Lab "Fundamentals: Batch Processing"

This is again our use case: a simple webshop for which we want to calculate the average sales value per product in a scalable (big data) manner.

Goal

Using data in the data lake for batch processing from a Jupyter Notebook.

What you'll implement

Setup a big data-ready computation environment (Hadoop in the cloud)
Reading the data lake using PySpark (big data ready)
Performing a simple analysis using standard SQL on top of Spark (the big data computation framework we will use multiple times)

Cluster Creation

Please navigate to DataProc, which is GCP's Hadoop product:

Hit "create cluster":

If applicable, select "Cluster on Compute Engine":

You need to use the following parameters:

Name: "your initials-hadoop" (e.g. pk-hadoop)
Region: leave the default region (us-central1)
Cluster mode: leave the default mode "Standard (1 master, N workers)"

Important: Scroll down and "Jupyter Notebook" in the section "Components":

Next, select "Configure Nodes (optional)" and switch to a smaller machine type for both, the "Manager node" as well as the "Worker nodes".

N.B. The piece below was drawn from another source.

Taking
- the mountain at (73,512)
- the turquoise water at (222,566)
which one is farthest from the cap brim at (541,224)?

You will first need to change the primary disk type to Standard Persistent Disk for the master and the workers:

Please also reduce the size of the attached hard disks for both node types:

Set a bucket in which the cluster is able to store its data to be persisted (please use your own bucket):

Please also allow access to the whole project for the cluster as follows:

Leave the remaining fields with their default val1ues and click on "Create".

Results

You configured and started a Hadoop cluster which is ready for our first batch processing job.

Opening the Jupyter Notebook

Click onto the link to your cluster:

When clicking on "VM instances" one can see that the three virtual machines are running. We will later use this to connect to the master node.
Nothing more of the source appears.